Assg.curr Multimodal…
Entity Large
Referenced by 226
References 23
Maint.: all paid

BACKGROUND OF THE IN…
SUMMARY OF THE INVEN…
DESCRIPTION OF THE P…
SYSTEM OVERVIEW
LANGUAGE MAKER
VOICE CONTROL
SCREEN DISPLAYS
OTHER EMBODIMENTS

1. A system for enabling voiced utterances to control window elements in a graphical user interface, said graphical user interface being provided by an operating system responsive to events posted in an event queue, some events in the queue being posted in response to signals received from an alphanumeric keyboard in accordance with a predetermined format specific to the keyboard, said events including higher level events, comprising

a voice recognizer for recognizing voiced utterances, and

an interpreter functionally connected to said voice recognizer for

converting at least some of the voiced utterances into said higher level events for controlling said window elements and

posting said higher level events to the event queue, without first converting said voiced utterances into signals expressed in the predetermined format specific to the keyboard.
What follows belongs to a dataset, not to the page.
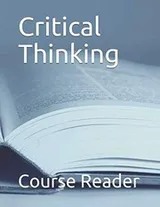 Cover of Critical Thinking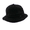 Supreme 19FW Washed Velvet Bell Hat BLACK画像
2. The system of claim 1 wherein said higher level events posted by said interpreter mimic events fed to said event queue by a mouse.

3. The system of claim 1 wherein said one of said higher level events directs said program to wait for a predetermined time delay.

4. The system of claim 1 wherein said interpreter converts at least some of said voiced utterances to said higher level events based on each of said voiced utterances and on a state of said program.

5. The system of claim 4 wherein said interpreter further comprises

stored data controlling said conversion of said voiced utterance to said higher level event, and

means for generating a portion of said stored data by examining said program.

6. The system of claim 5 wherein said data are generated by examining menus and control buttons of an executable image of said program.

7. The system of claim 4 wherein said interpreter further comprises stored data controlling said conversion of said voiced utterances to said higher level events,

means for viewing and editing said stored data.

8. The system of claim 1 further comprising

stored data controlling said conversion of said voiced utterances to said higher level events, and

an event recorder for generating a portion of said data by said event recorder examining an execution session of said program.

9. The system of claim 8 wherein said event recorder is implemented by code substituted for the code normally executed by a trap handler of said operating system.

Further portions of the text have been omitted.